WHAT YOU SHOULD DO: Output exactly the lines of the listing below that run from the line with "Диск тормозной задний" through the line with "乃木坂46×ビルディバイド -ブライト-Vol.2」特設サイト". No pictures.

DATA:
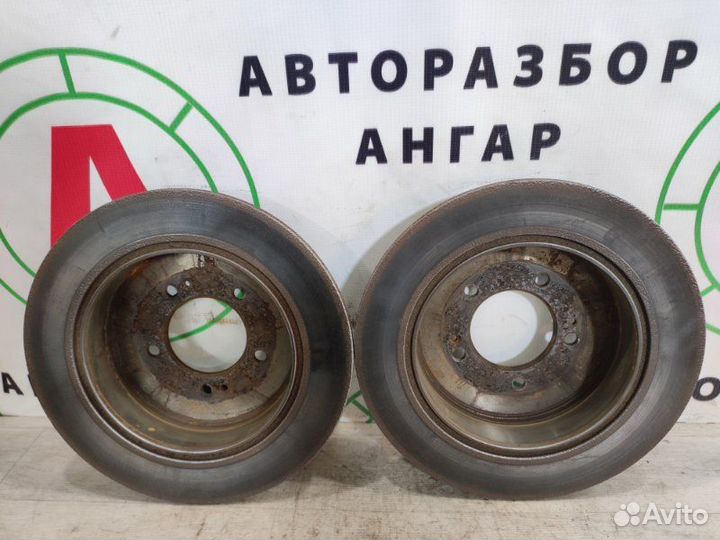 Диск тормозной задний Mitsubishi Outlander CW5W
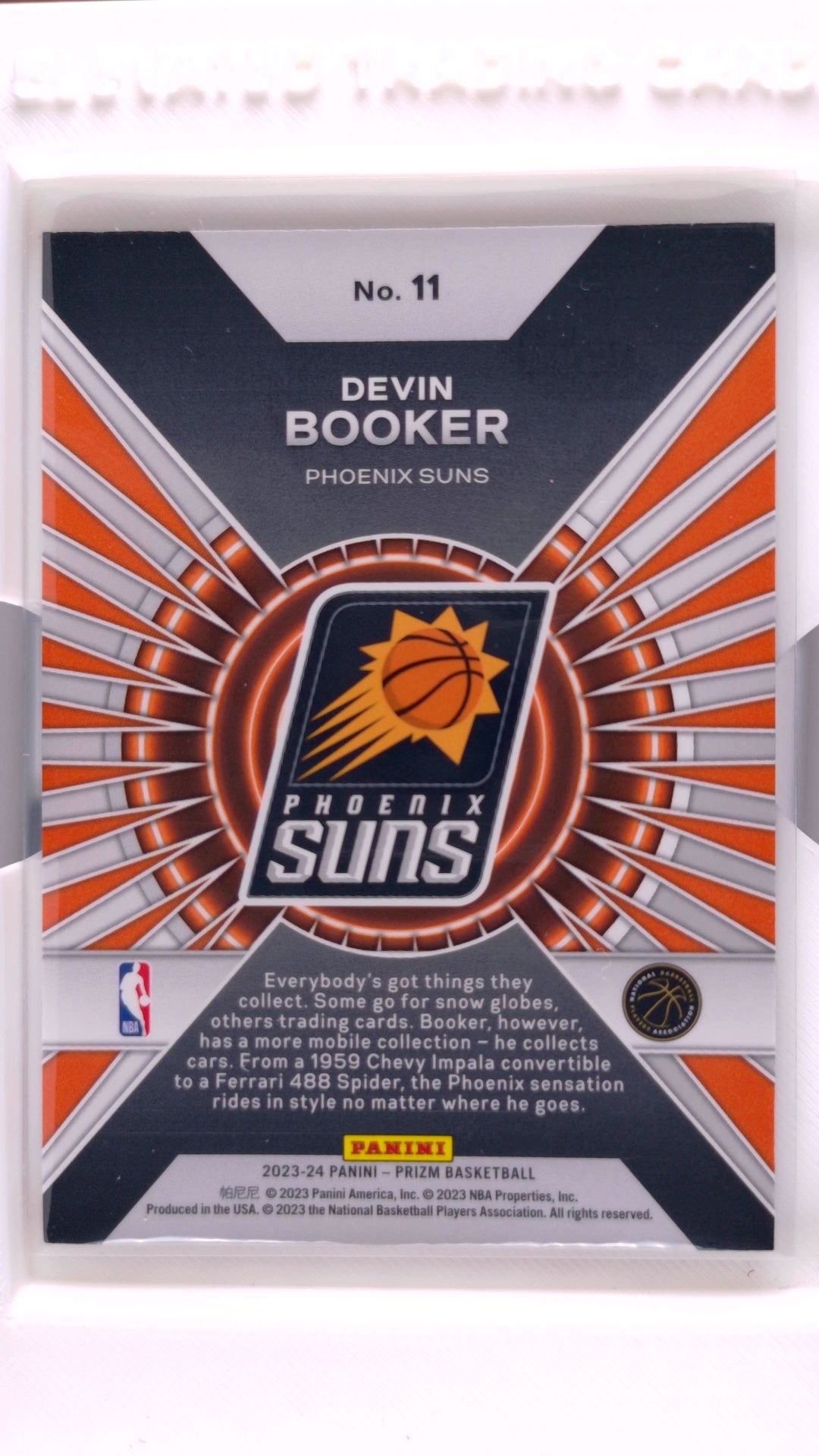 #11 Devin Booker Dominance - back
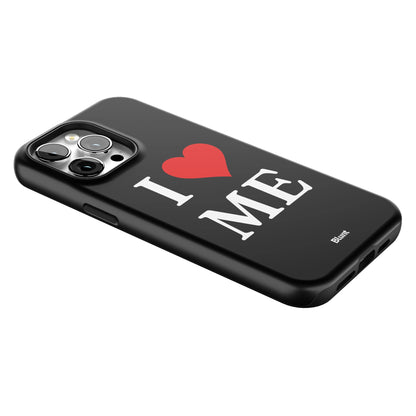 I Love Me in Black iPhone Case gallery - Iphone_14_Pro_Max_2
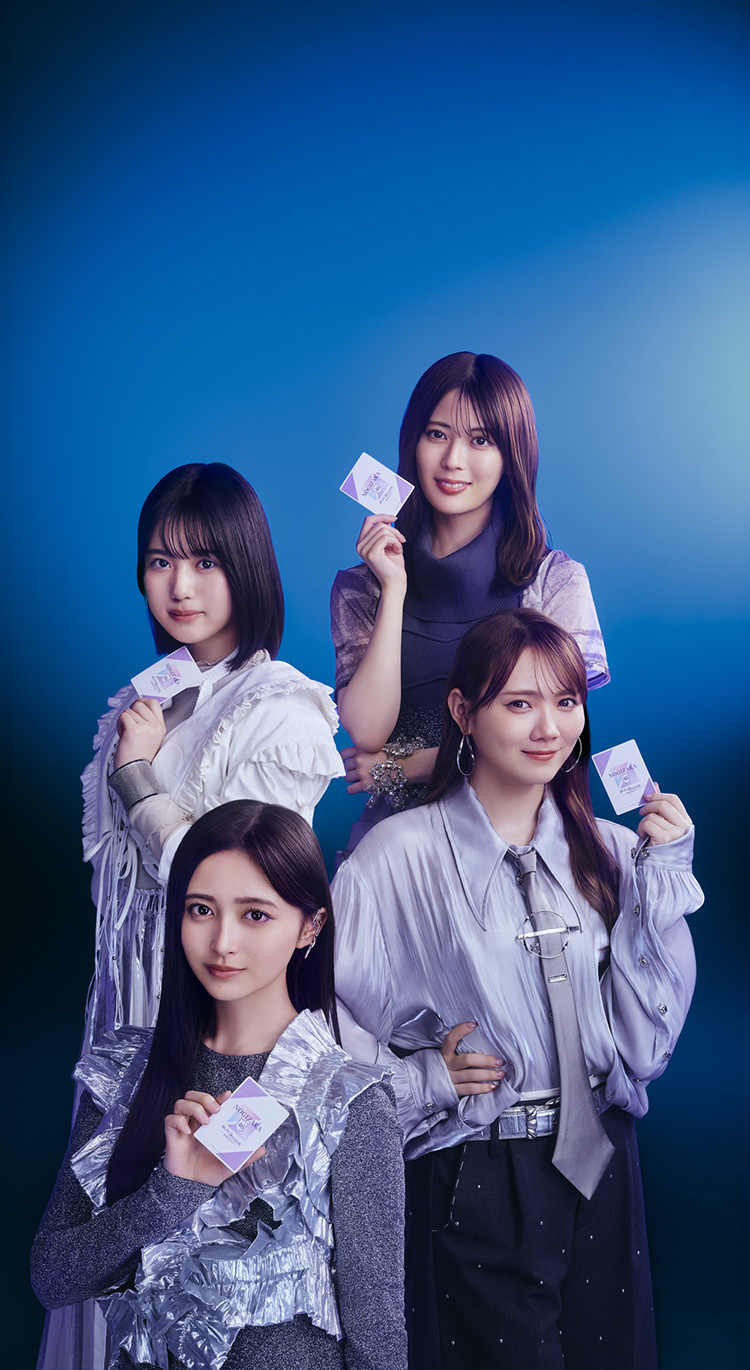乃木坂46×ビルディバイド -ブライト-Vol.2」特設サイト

--

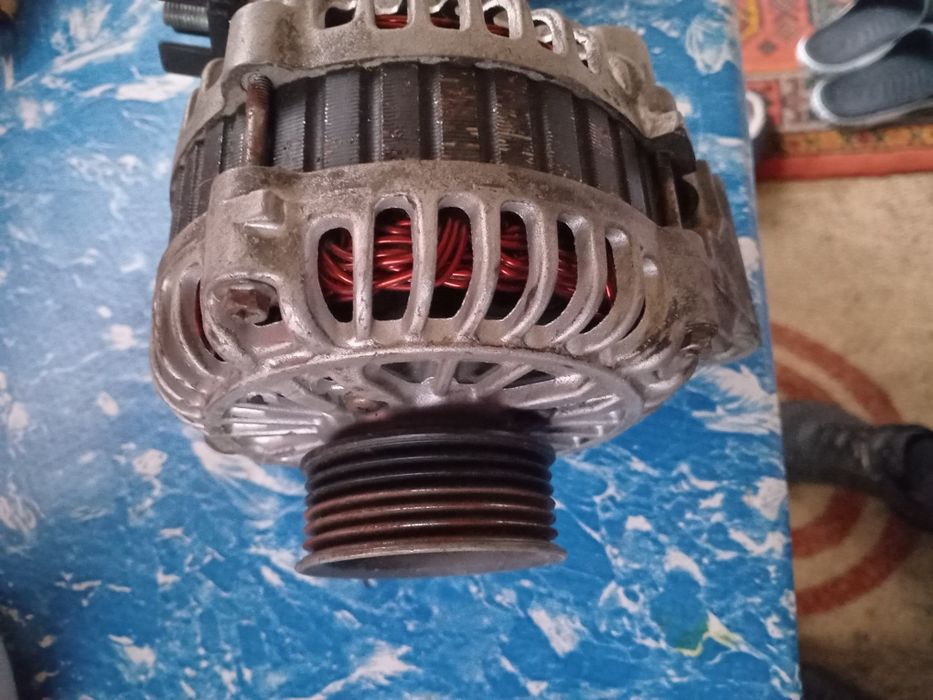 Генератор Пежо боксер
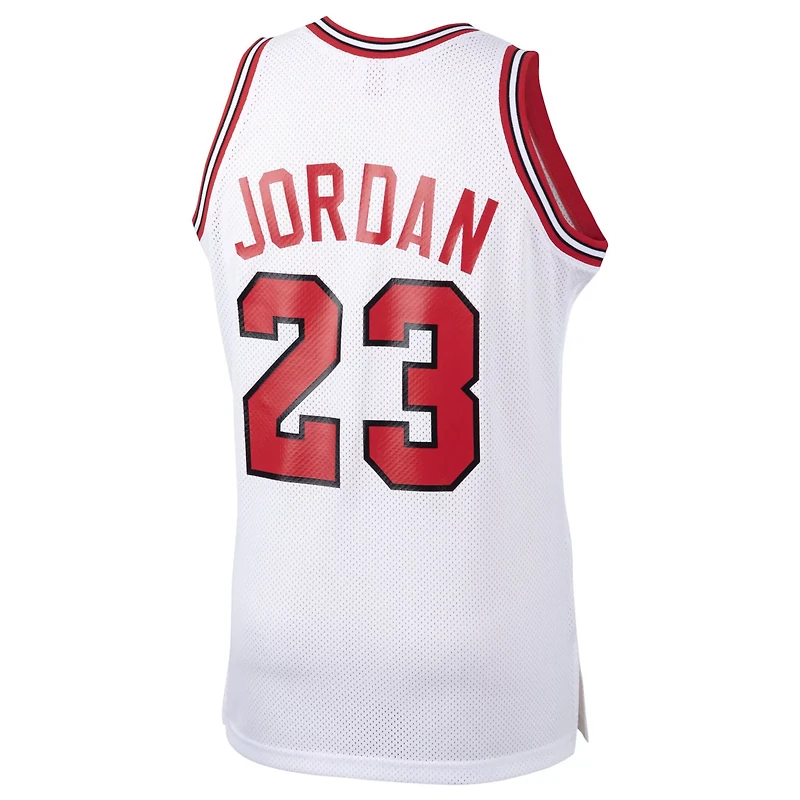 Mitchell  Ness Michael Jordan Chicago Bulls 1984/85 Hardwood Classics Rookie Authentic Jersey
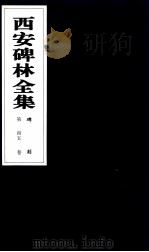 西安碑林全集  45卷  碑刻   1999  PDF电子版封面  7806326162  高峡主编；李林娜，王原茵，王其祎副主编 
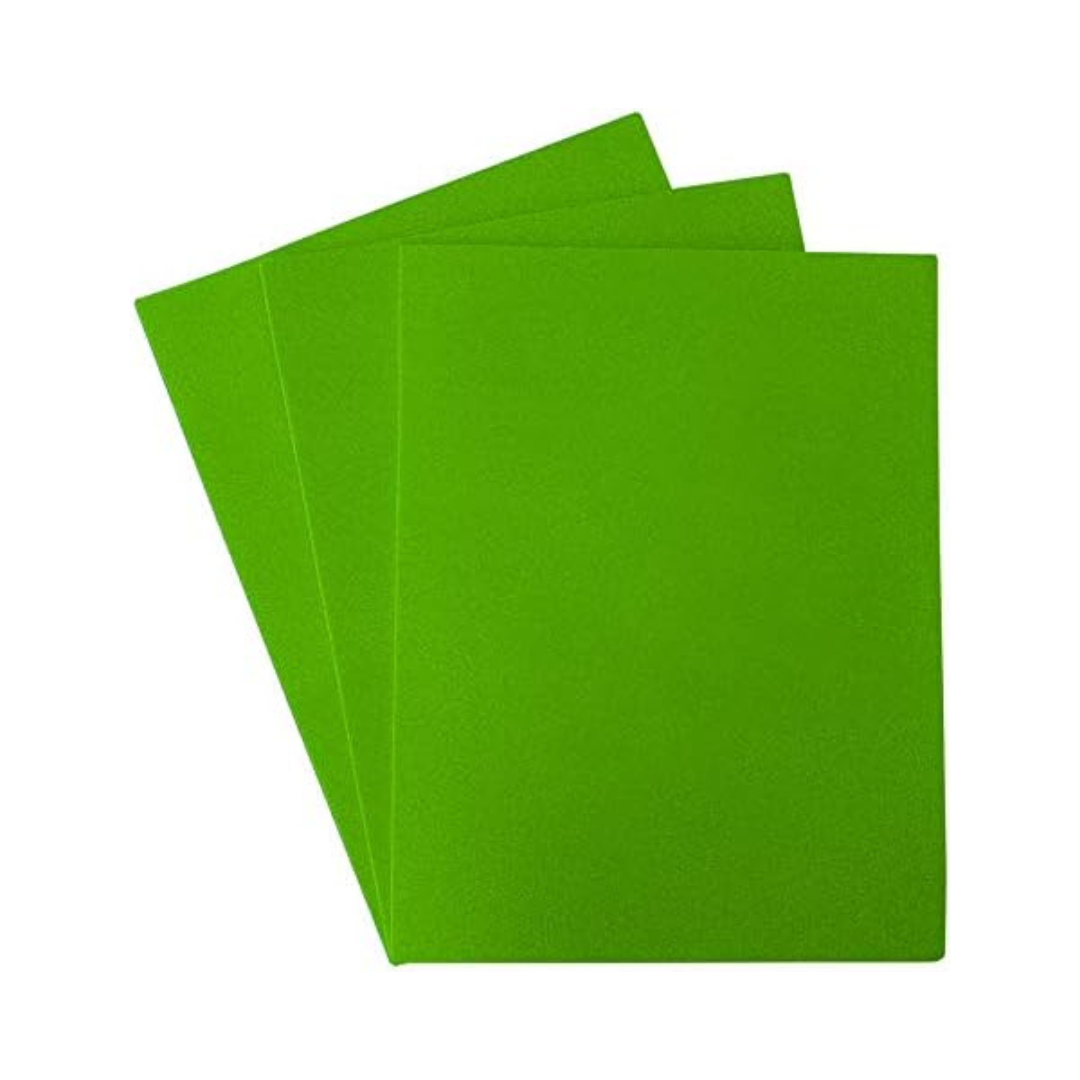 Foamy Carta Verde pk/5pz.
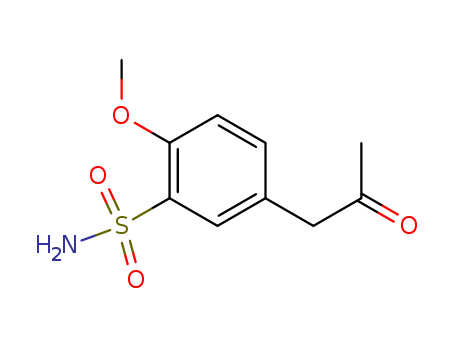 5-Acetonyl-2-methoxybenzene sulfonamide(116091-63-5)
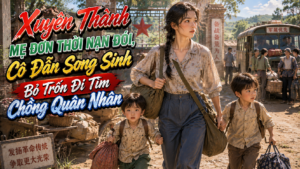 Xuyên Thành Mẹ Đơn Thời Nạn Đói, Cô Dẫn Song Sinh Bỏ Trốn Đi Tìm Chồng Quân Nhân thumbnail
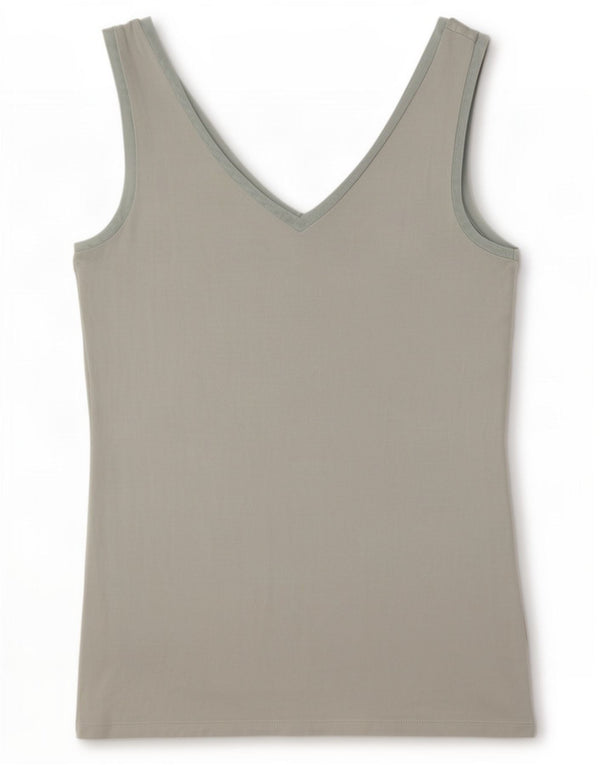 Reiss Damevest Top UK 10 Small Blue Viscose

--

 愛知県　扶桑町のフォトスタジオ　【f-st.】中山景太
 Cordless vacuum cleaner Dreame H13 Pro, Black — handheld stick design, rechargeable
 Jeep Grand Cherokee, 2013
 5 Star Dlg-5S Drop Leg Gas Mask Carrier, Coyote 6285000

WRITTEN REPLY:
 Диск тормозной задний Mitsubishi Outlander CW5W
 #11 Devin Booker Dominance - back
 I Love Me in Black iPhone Case gallery - Iphone_14_Pro_Max_2
乃木坂46×ビルディバイド -ブライト-Vol.2」特設サイト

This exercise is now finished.